ではここで、ツナギの特徴をいくつか箇条書きで説明しよう。

・つながっている。
・そのためトイレでウンコをする度半裸にならなければならない。
・意外と重い。
・洗うの大変。
・乾くの大変。
・つながっている。
・そのため腰に巻いたマネーベルトから物を出す時は下腹部に手を突っ込みもぞもぞしなければならない。
・ つながっている。
・そのためポケットに入れた品々の重みが全て肩にかかる。
・肩をこる。

いかがだろう。360度どこをどう見回しても旅をする際において利点が何一つみつからないこの奇跡の被服、ツナギ。今ならお値段300円。

買いましょう。むしろ喜んで買いましょう。

そういうわけで、買ってしまった以上着ないともったいないので、着ているのだ。周りの視線が気になるならよしゃいいのに、着ているのだ。

そんな中、翌日向かう予定のモンキーベイという場所へ向かうバスの時刻や値段を調べるべく、バスターミナルにやってきた。

バスのみならずミニバス、タクシーなどがひしめき合う中、チケットカウンターらしき場所を発見し、尋ねる。

あのう、明日ね、モンキーベイに行きたいんですけど、バスの値段っていくらぐらいですか?

カウンターに柵があって話しにくいななんて思っていると、ややあって中の人達から、

「へ?いやそれはオレ達分からないな。うん、えとね、オレ達今捕まってんのよね。うん、そう、逮捕、逮捕されちゃってるの。分かる?500クワチャ払えば釈放してもらえるんだけど、君あれかい払ってくれるのかい?」

一瞬思考がストップしてしまった。何で、どうして、チケットカウンターに身柄を拘束された連中がいるのだ?ちょっと君たちお門違いもいいとこだよ。ここはチケットカウンタ・・・

待てよ?「カウンター」をぐるりと周り正面を見てみる。

P O L I C E

ポリース?「おいおい、あんた何やってんだよ。チケットカウンターならあっちだ。あんな奴らに話しかけちゃ駄目だろう。いいか、絶対にお金を払ったりするんじゃないぞ。」

ツナギを着た男が囚人に向かって話しかけている様子を見ていたらしい紳士にそう説明された。

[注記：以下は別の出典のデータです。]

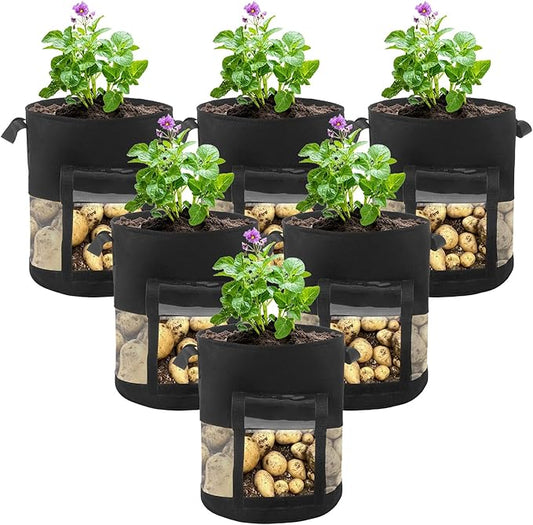 6 Pack 15 Gallon Visible Potato Grow Bags, Thickened Nonwoven Fabric Pots Potato Growing Containers with Handles & Visible Flap, Plant Grow Bags for Growing Potatoes, Tomatoes, Flowers, and Vegetables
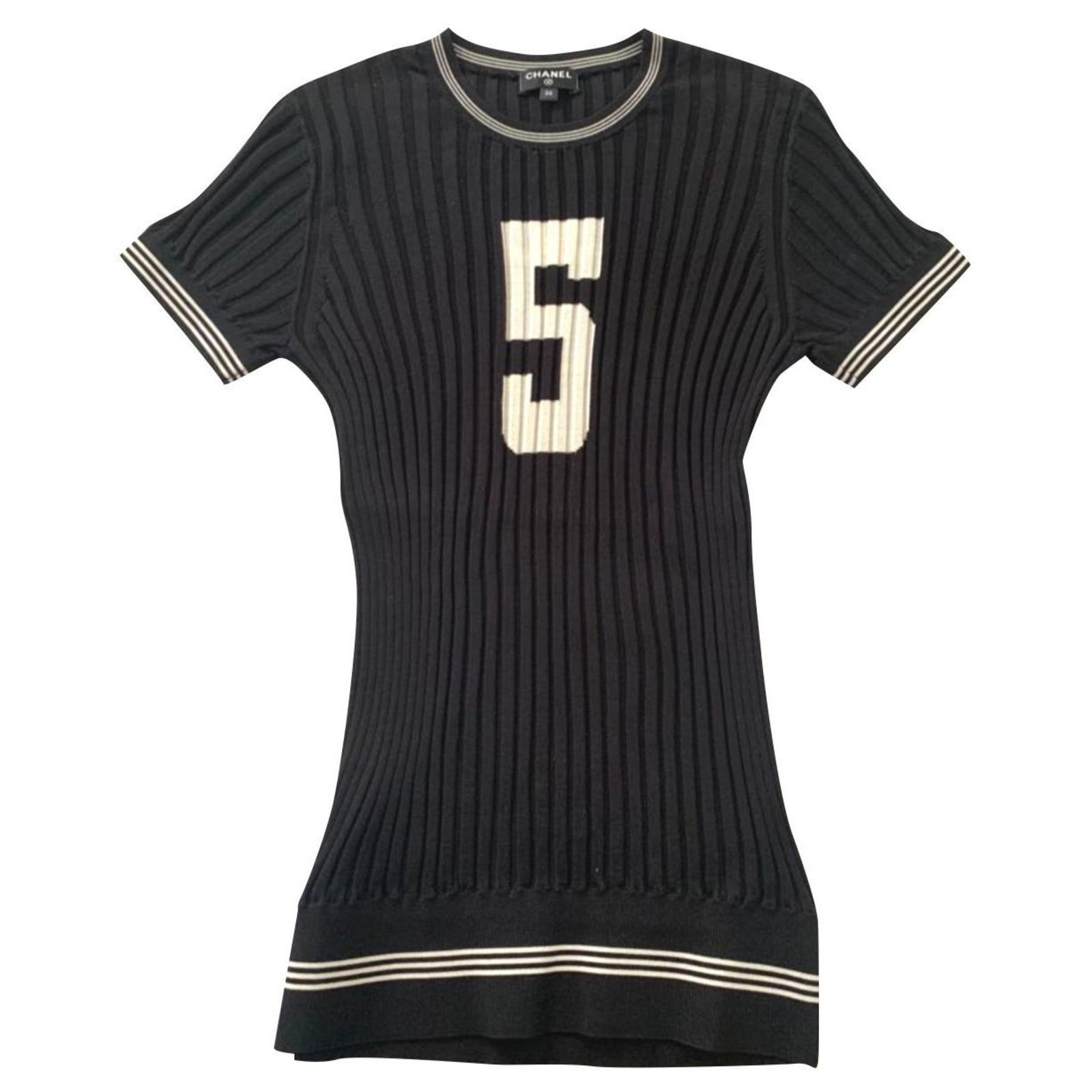 CHANEL No 5 silk knit shirt FR36 Black ref.167593 - Joli Closet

お門違いはボクでした。いんやーオラこっぱずかしいことしちまっただー

いやしかしあれは間違えるだろう!あんな、停車中のバスとバスの間に作られた掘っ立て小屋程度のオフィスと、チケットと代金が受け渡せる程度の大きさの穴が開いた柵を見せ付けられた日にゃあ、誰だってそれを「チケットカウンター」だと思っちゃうだろう!

それをこともあろうか簡易交番にしてさらにその小さな空間に逮捕者を詰め込んだりしてもう・・・

P O L I C E

あ、はい、これだけでっかくペイントされてりゃ誰も間違えない、そうですかそうですよねふふふ・・・。

まあ、マラウイの囚人と会話をし、彼らを釈放したくば500クワチャを支払ってやればOKという貴重な機会と情報を得ることができたと別の角度からとらえれば、これもまた良い経験となるだろう。

なるですか?

マラウイ湖の美しさ

翌朝、そんな紛らわしい交番のあるバスターミナルへ再び現れ、今度こそ、本当のバス会社のオフィスへ向かう。

「モンキーベイ?ならもう出るとこだから、そのまま乗り込みなさい。」

チケットカウンターがあるのにバス乗車時にチケットを購入するシステム。要領悪くないか?おかげで我先に乗り込もうとする客で一杯だ。おまけに大きな荷物もそのまま車内に持ち込ませている。

そして車内は既に、満席?

後から乗り込み席が無い連中は皆、通路に突っ立っている。座ろうにも席がないのでボクもまた突っ立っている。

のにも関わらず次から次に乗り込んでくる人々。ようやく入り口付近まで人が突っ立った頃出発。

うぉい!こちとら席に座っている連中と同じ分クワチャを支払ってるんだ!お客突っ立てっぱなしとはどういうことだ畜生!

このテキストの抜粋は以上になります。